I translated Peter Shirley's Raytracer to Julia. C++ 1min -> Julia 2m30s -> 15s (@threads)

Hi,

I like raytracing and there are a nice set of books

https://github.com/RayTracing/raytracing.github.io

so now I’m a bit better at Julia, I transcoded the C++ into Julia and got some nice speedups.

The single threaded version went from 9m in C++ to 2m30 in Julia (with no tricks - I don’t know any!)

(The C++ had no compiler flags, after using -O 3 and -march=native it was down to about 1 minute)

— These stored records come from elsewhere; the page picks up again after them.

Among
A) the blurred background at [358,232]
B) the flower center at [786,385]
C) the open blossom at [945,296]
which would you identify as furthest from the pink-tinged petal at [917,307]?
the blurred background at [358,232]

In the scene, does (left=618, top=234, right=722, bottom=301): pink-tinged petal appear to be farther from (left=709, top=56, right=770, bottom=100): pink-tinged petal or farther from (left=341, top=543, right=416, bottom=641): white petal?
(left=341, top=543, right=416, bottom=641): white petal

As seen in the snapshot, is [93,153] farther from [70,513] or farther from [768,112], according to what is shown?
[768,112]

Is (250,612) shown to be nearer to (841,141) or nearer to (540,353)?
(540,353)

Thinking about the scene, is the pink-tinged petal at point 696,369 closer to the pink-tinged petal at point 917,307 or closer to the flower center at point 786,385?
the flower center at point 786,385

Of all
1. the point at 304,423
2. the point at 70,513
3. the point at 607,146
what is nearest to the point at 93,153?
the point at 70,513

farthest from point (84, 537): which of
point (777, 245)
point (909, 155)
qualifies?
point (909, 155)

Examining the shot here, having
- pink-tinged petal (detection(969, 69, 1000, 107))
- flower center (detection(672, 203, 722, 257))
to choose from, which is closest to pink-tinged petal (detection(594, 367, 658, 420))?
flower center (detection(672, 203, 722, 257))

And when I added Threads (40 of them :slight_smile: )I got it down to 15s, including compilation.

Here’s my julia code

And here’s the Book’s Github Discussion page where I made a similar post to this

21 Likes

Sorry for the noob question, does your Julia code produce images like the one in the “Ray-tracing in one weekend” book?

1 Like

yes, that exact one (modulo the rand()s)

1 Like

Wow, I’m speechless.

1 Like

Yes, I’m quite pleased. I wasn’t doing it to make it faster, I just wanted it to produce results :slight_smile:

But then I used a bit of @code_warntypes and @time and I reduced the allocations from 10s of millions to 10s of 1000s

FYI, searching through Discourse, there seem to be a few related threads. I’m linking one of them.

4 hours !

Cool! Some small styling things:

const Vec3 = SVector{3,Float64}

is the same as SArray{Tuple{3}, Float64, 1, 3}.

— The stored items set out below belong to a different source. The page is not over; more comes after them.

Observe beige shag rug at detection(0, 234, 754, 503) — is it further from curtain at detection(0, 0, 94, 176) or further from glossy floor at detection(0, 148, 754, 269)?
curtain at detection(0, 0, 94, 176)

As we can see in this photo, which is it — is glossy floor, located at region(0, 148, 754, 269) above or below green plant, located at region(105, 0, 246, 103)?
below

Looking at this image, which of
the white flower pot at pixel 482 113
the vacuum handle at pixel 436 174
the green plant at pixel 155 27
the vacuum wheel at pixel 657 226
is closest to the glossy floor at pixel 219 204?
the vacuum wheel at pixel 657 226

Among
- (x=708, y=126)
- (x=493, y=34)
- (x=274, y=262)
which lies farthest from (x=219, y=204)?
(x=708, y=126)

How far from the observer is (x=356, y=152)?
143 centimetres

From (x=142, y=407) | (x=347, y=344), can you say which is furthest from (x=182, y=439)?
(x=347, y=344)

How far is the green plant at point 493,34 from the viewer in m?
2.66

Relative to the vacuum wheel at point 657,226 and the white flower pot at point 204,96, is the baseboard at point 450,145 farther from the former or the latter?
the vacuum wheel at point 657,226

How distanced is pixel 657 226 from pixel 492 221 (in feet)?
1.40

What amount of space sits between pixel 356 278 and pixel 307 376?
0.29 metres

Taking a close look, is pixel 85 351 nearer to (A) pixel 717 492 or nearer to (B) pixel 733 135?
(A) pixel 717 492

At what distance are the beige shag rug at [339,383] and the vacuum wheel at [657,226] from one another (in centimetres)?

and note that you don’t need to define magnitude, actually you have:

using LinearAlgebra: norm
x = rand(Vec3)
norm(x)

and also you could do:

julia> randf(::Type{T},fmin,fmax) where T = fmin .+ (fmax-fmin) .* rand(T)   
randf (generic function with 1 method)

julia> randf(Vec3,-1,1)
3-element SVector{3, Float64} with indices SOneTo(3):
 -0.3009982992786695
 -0.15959842094608057
  0.27936134566733006

julia> randf(SVector{2,Float64},-1,1)
2-element SVector{2, Float64} with indices SOneTo(2):
 -0.8267854719262475
 -0.9675131426873447

julia> randf(Float32,-1,1)
0.52987814f0

1 Like

magnitude(x,y,z) is quicker than norm([x,y,z]) because of the extra allocation

magnitude(v) and norm(v) are the same

norm is a strange name too, Shirley had length and I don’t like that either :slight_smile:

I did swap out unit_vector for LinearAlgebra.normalize

that randf is cool too, but again, it creates [x,y,z] not x,y,z
and this is all about reducing those allocations

I moved the code, git was being annoying with the fork

https://github.com/lawless-m/ShirleyRenderer.jl

If you use StaticArrays none of these allocate.

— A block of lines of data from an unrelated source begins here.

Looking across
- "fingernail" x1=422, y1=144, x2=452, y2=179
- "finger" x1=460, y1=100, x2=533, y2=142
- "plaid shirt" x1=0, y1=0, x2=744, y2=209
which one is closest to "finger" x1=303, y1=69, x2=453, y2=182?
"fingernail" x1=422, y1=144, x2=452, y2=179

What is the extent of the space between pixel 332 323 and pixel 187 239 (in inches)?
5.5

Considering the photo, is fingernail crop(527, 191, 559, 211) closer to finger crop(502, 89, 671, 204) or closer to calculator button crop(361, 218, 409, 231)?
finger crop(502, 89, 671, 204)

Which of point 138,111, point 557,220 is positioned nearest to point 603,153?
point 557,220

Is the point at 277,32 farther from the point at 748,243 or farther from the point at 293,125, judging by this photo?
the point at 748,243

it was still slightly slower

perhaps I shall rework it all the way through and see properly

There’s no reason why Julia is so much slower, (not GC, not String, not I/O, not byte wrangling), well I know it’s easy for me to say it… But I hope we could make it within 125% time of C++. This is a micro benchmark big enough that people can point to as “composite” test for suitability blah blah

I added support for Images instead of PPM so now I can upload this

It uses more samples per pixel (150) and more depth (200), the defaults are 10 & 50

Again with 40 threads. I’m not going to chase more performance for the moment - that’s not the purpose of this - although I hope to experiment with some GPU offloading perhaps. I can’t use any CPU specialisations - Julia complains about a missing cx-16 instruction when I try and use -C

matt@pox:~/GitHub/ShirleyRenderer.jl/src$ julia --project=.. -L RandomScene.jl -e "@time main(;samples_per_pixel=150, max_depth=200)"
123.419846 seconds (328.84 M allocations: 24.327 GiB, 15.28% gc time, 1.76% compilation time)

5 Likes

150% is the best I have managed

matt@pox:~/GitHub/ShirleyRenderer.jl$ time julia -t 1 --project=. -L src/RandomScene.jl -e “main()”

real 1m13.689s
user 1m12.059s
sys 0m1.360s

matt@pox:~/GitHub/raytracing.github.io/src/$ time ./a.out > a.out.ppm
Scanlines remaining: 0
Done.

real 0m49.599s
user 0m49.570s
sys 0m0.028s

Your example has 24GB allocations and 15% GC time. Thats probably the problem. You could preallocate all the arrays used for each thread and reuse them. That much allocation will probably reduce your cache performance too.

1 Like

yep, but I think that’s quite a bit of re-work

I’ll spend some more time on it once I have the other code ported

1 Like

Turned out the design needed me to do the work of per thread anyway.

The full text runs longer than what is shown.